The Bangladesh Garments Accessories and Packaging Manufacturers and Exporters Association has sought a level-playing field for both tariff and non-tariff-bonded establishments and a three-year import availability period for the accessories sector.
It sought reduction in tax from 1 per cent to 0.25 per cent and a fixed tax rate for at least five years.
These zones, often managed by government authorities, offer certain benefits like tax breaks and simplified customs procedures. Businesses operating in these zones are considered bonded establishments.
A three-year import availability period for the accessories sector would allow manufacturers to manage their raw material needs more effectively and avoid delays caused by slow audits, which can be a particular issue for non-tariff bonded establishments, it said.
The demands were part of the association’s budget proposals for fiscal 2024-25.
The association proposed that the tax on their products be reduced from 1 per cent now to 0.25 per cent, in line with earlier government initiatives to encourage exports.
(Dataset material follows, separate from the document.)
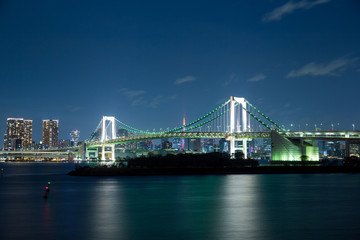 Fototapeta na wymiar Tokyo Skyline at night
It also sought a fixed tax rate for at least five years, domestic media outlets reported.
The association urged the government to eliminate the requirement for bank guarantees on imported goods, which can be a financial burden and cause delays.
It also proposed the exclusion of all local purchases made by export-oriented industries from the existing 15-per cent value-added tax to reduce production costs and a ban on the import of finished garment accessories and packaging products under bond.